Auch meine Frau und ich fanden nach längeren Diskussionen mit anderen Konzert-Besuchern, die unsere Plätze okkupiert hatten doch noch zwei Sitzgelegenheiten. Dies obwohl die Nachfrage beim Ordnungs-Dienst (ebenfalls eine einzelne Person…) nichts gefruchtet hatte und uns nahegelegt worden war einfach die Darwinsche -Gesetzmäßigkeit anzuwenden und uns ohne Rücksicht auf Verluste da hinzusetzen wo noch niemand anderer sei. Später eintreffende Gabriel-Fans mit rechtmäßigen Karten könnten ohne weiteres ignoriert werden.

Okay! Auch gut! Das Recht der Stärkeren bzw. früher Eingetroffenen…

Hauptsache die Ruhe bewahren!

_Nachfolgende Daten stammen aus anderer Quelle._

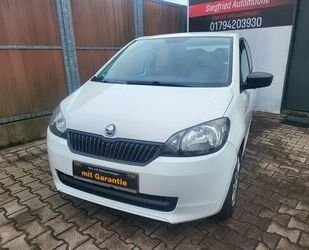 Skoda Skoda Citigo Cool Edition 5 Türig Klima 8 x Bereif Gebrauchtwagen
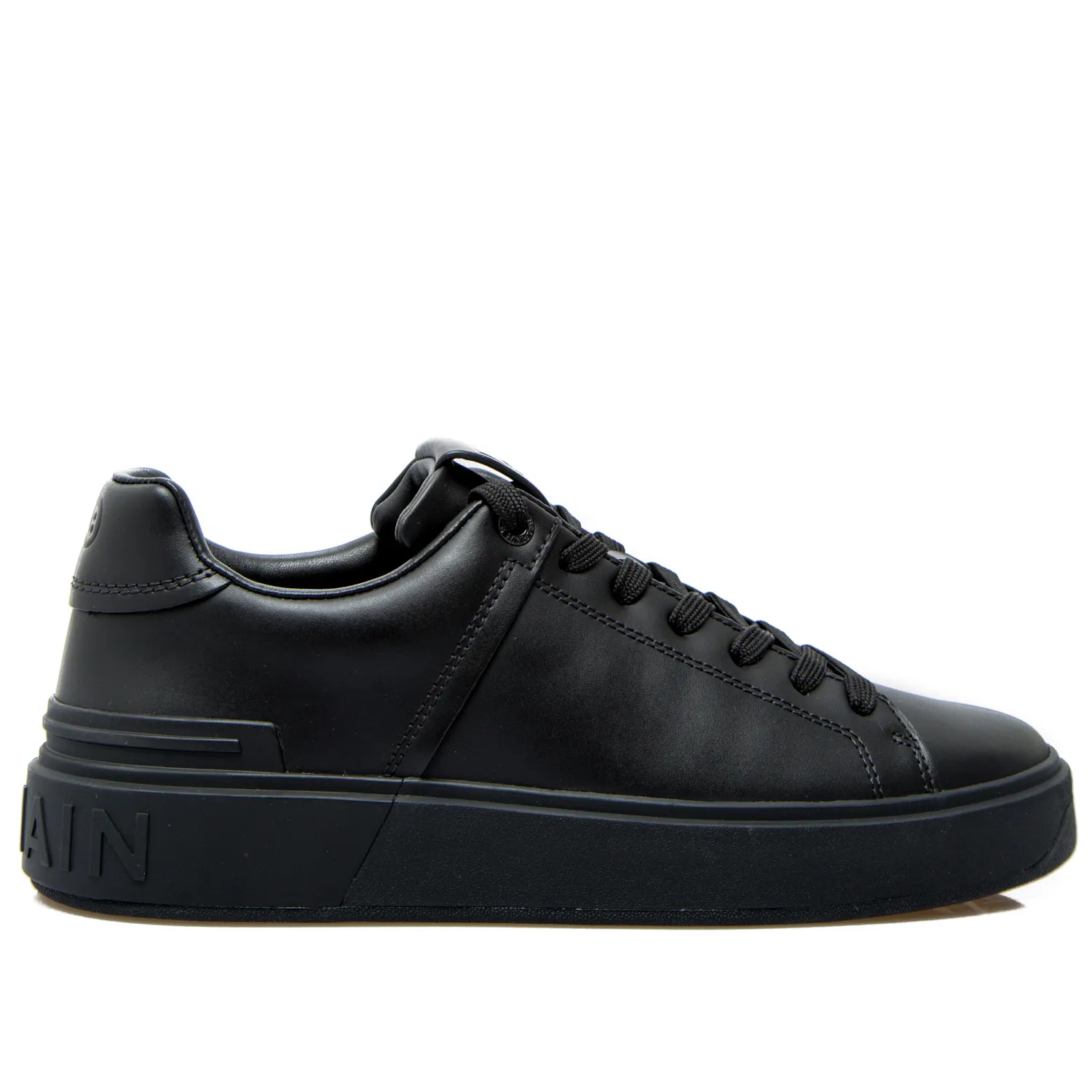 Balmain B-court Sneakers | Credomen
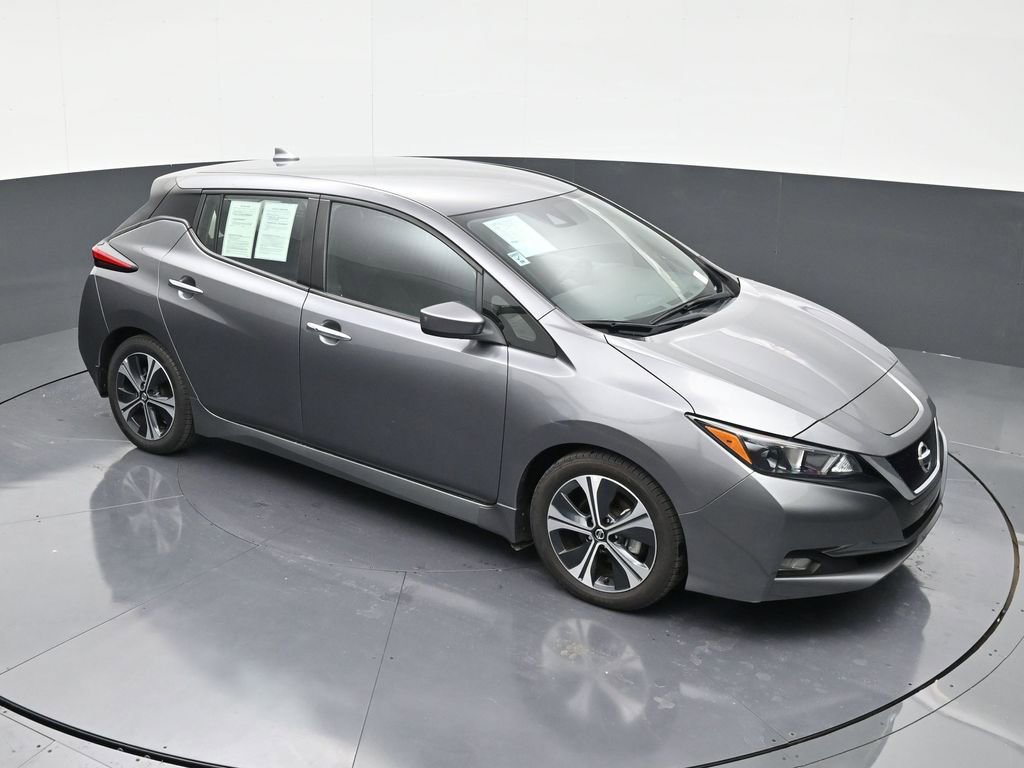 Used 2022 Nissan Leaf SV image 18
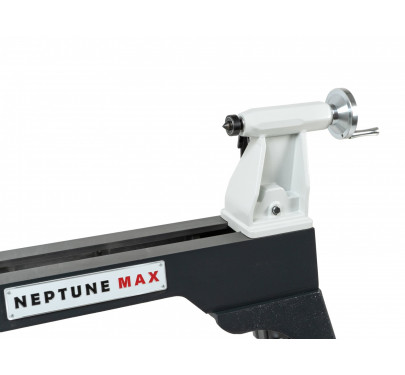 Torno para Madera DVR Nova Neptune Max 190 – Potente y Preciso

Niemals die Nerven verlieren war das Gebot der Stunde.

Wie heißt doch einer der größten Hits von Peter Gabriel? ,,Dont give up“!

Passt doch!

Zu den Klängen von ,,In your eyes“ und ,,Solsburry Hills“ entfernte das Publikum dann auch noch die lästigen Stühle im Bereich vor der Bühne.

Die Zeit zum Tanzen war angebrochen.

Das Leben kann so schön sein.

Auch ohne Organisation!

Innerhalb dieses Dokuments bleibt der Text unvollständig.